- [PROBLEM STATEMENT] Every line from the one containing "Happy businesswoman watching virtual presentation Happy" through the last line below should be reproduced exactly; please include nothing else.

Short web captions:

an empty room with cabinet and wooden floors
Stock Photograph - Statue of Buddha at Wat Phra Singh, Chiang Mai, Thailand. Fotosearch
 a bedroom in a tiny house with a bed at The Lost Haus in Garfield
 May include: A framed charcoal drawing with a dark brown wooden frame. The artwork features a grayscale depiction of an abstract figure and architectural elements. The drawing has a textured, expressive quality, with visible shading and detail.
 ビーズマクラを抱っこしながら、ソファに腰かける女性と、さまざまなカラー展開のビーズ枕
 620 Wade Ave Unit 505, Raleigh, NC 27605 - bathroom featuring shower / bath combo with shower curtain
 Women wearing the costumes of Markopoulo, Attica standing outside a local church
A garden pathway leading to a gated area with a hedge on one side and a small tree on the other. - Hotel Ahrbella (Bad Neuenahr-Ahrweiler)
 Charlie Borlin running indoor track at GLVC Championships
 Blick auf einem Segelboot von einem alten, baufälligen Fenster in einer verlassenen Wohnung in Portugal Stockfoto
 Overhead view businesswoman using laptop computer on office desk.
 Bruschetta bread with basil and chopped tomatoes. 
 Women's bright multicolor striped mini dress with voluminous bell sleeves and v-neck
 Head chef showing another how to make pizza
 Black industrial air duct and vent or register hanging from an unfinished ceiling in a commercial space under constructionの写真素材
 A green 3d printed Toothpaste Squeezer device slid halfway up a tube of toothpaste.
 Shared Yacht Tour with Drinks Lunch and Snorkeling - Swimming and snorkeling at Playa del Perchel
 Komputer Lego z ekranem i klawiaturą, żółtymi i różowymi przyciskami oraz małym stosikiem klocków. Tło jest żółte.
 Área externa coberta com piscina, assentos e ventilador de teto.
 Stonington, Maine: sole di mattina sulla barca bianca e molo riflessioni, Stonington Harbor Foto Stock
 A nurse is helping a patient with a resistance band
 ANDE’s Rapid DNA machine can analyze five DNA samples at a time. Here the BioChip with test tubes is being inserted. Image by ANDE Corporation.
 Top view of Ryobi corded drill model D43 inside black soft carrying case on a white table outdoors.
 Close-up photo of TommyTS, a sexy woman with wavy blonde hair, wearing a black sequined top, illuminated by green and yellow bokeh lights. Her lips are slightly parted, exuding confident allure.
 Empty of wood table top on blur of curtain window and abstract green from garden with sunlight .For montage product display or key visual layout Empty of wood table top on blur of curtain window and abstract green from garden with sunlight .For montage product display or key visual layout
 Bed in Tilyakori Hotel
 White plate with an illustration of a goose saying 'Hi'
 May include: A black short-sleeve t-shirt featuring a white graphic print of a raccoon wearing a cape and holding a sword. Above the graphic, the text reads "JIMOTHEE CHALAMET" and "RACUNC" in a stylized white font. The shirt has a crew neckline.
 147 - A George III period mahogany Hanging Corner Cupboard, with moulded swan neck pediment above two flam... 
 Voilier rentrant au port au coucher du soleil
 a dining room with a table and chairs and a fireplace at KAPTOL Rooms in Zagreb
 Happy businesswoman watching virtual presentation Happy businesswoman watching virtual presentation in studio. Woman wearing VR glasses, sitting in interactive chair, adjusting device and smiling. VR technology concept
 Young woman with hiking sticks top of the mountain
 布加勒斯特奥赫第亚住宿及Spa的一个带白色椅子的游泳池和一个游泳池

- [OUTPUT OF THE EXERCISE]
 Happy businesswoman watching virtual presentation Happy businesswoman watching virtual presentation in studio. Woman wearing VR glasses, sitting in interactive chair, adjusting device and smiling. VR technology concept
 Young woman with hiking sticks top of the mountain
 布加勒斯特奥赫第亚住宿及Spa的一个带白色椅子的游泳池和一个游泳池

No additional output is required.